Two weeks after the initial announcement, another storm broke. As dons tried to understand how the debacle could have happened, some startlingly obvious questions began to be raised. Under what authority had the campaign been launched in the first place? How could drastic changes to procedures and policies be introduced on behalf of the collegiate university simply by someone anonymously posting them on a website? 

After all, the university’s statutes state that any act undertaken on behalf of the university requires approval “by Grace of the Regent House” (after a formal discussion and vote in the university parliament), unless the power to do so has been properly delegated. No discussion or vote had taken place and it remains unclear for now whether that power was ever delegated in the first place. It was almost certainly concerns such as these that finally prompted the Vice Chancellor to withdraw the entire “Change the Culture” campaign.

It had become clear, he admitted, that “the updated HR policies which underpinned the campaign were launched prematurely and without full scrutiny.” He had, in effect, boxed himself in. For he was asking his colleagues to accept that bad behaviour had become so endemic that only root-and-branch changes to disciplinary policies could address it, while imposing those changes without scrutiny on the basis that they were too minor to warrant consultation with the wider university.

Given the scale of the defeat when the Coddling Vision was put to a vote of the university last December, resistance to wider debate about a policy that would also have institutionalised that vision is hardly surprising.

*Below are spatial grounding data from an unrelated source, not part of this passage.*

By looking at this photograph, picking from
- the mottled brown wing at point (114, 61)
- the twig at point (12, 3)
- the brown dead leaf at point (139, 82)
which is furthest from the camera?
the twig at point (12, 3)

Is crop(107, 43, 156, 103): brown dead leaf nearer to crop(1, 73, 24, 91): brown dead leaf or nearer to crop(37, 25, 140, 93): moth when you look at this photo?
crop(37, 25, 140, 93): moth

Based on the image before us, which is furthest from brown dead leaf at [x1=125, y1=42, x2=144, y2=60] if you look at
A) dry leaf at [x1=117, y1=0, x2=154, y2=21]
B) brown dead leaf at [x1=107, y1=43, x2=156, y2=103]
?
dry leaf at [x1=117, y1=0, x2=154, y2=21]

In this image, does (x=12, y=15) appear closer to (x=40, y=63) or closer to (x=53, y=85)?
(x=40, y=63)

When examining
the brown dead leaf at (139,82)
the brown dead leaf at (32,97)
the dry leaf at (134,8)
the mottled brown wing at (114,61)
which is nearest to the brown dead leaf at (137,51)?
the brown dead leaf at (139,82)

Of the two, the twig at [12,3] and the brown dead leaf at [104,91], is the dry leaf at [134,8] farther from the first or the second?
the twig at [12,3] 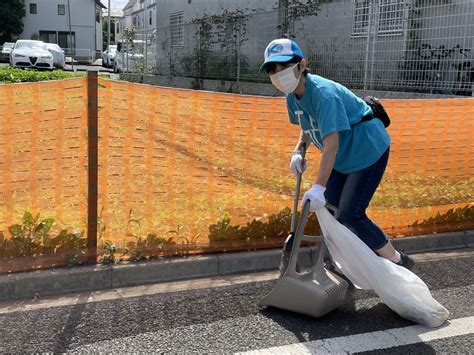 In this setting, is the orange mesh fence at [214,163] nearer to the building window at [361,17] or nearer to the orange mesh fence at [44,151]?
the orange mesh fence at [44,151]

Still, there can be no doubt that had the proper democratic procedures been followed, the most reputationally damaging and legally suspect elements of the campaign would never have seen the light of day.

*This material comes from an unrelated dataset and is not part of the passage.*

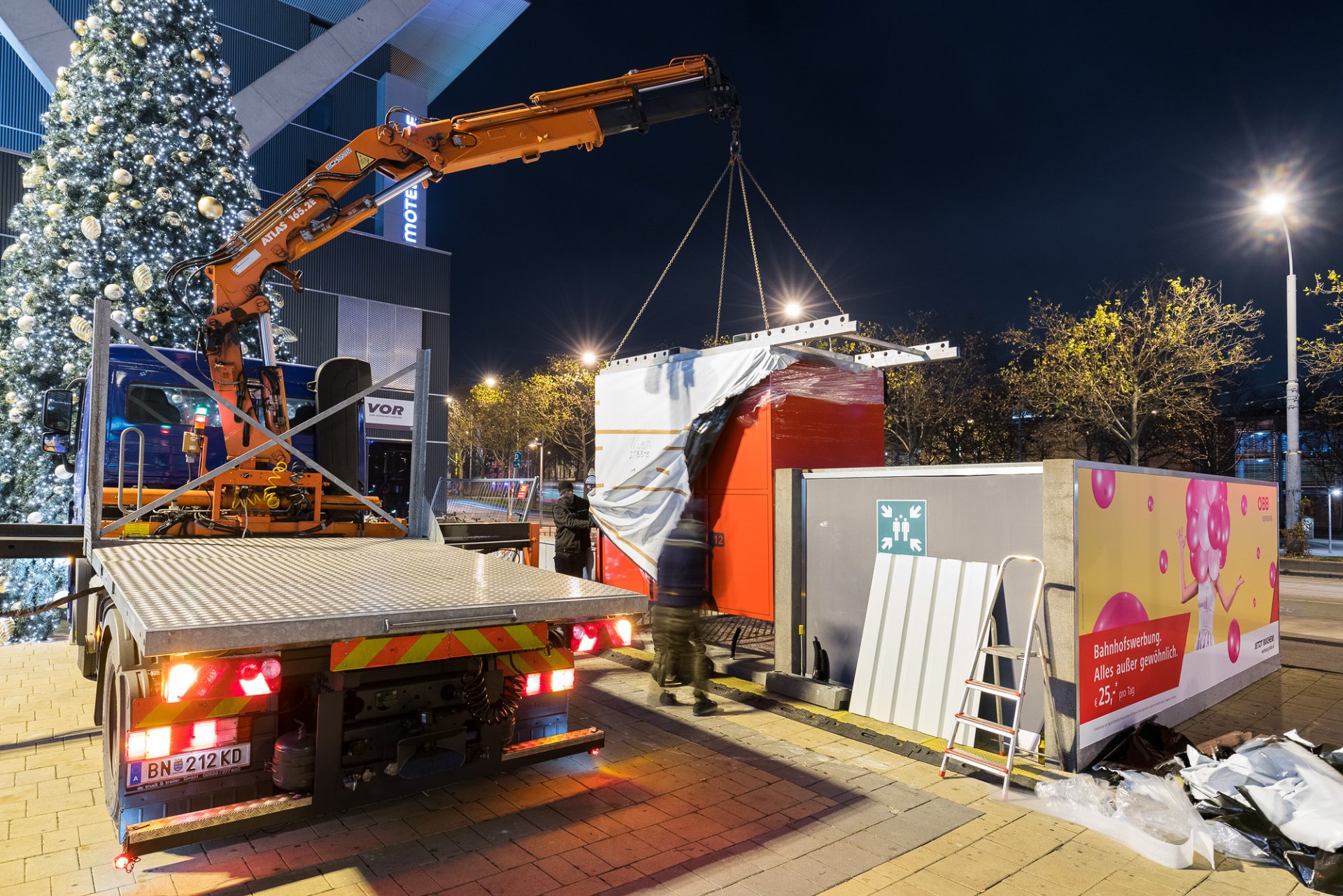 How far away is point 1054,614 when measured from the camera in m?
4.87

The incident has solidified a large coalition of concerned champions of the Truth-Seeking Vision

There are some aspects of this sorry saga for which we should be grateful. For one thing, the university has been spared the sight of dons tiptoeing backwards out of lecture theatres, eyebrows carefully furrowed, anxiously avoiding giving any compliments, and busily consulting the latest encyclopaedia of approved pronouns. 

Factor in genuflections with raised fist for Black Lives Matter and the physiological toll that woke callisthenics would have taken on portly professors does not bear thinking about.

For another, the incident has solidified a large coalition of concerned champions of the Truth-Seeking Vision with the determination and resources to prevent the university from succumbing wholesale to the Coddling Vision. Moreover, as Parliament prepares to debate the Higher Education (Freedom of Speech) Bill, incidents such as these may focus the minds of voters and legislators on the scale of the problem that the legislation is intended to mitigate. And finally, the last few months may at long last have chastened the senior leadership’s dirigisme and reminded it of the good sense of submitting its decisions to the democratic scrutiny of the collegiate university.

We should keep asking why a small group of ideologically motivated people are so intent upon pursuing this agenda

Higher education ought to be a shining beacon on the landscape of a post-Brexit economy. As this sad debacle was unfolding, it was announced that four UK universities had been ranked in the world’s top ten and eight of them in the top 50. In that latter tier, London alone has four times as many universities as the European Union. Relative to our size, no other country can match us for the calibre of our higher education and research sector. That is why the United States is our only rival for the soft power that it bestows upon us. 

We can but hope that university leaders throughout the land quickly recall themselves to the value of what they are stewarding on the nation’s behalf and that they begin to recognise the dangers of imposing ideologically partisan policies that would elevate Coddling above Truth-Seeking. 

We should keep asking why a small group of ideologically motivated people are so intent upon pursuing this agenda. And we should keep asking that until we finally get some answers. For the truth shall set us free.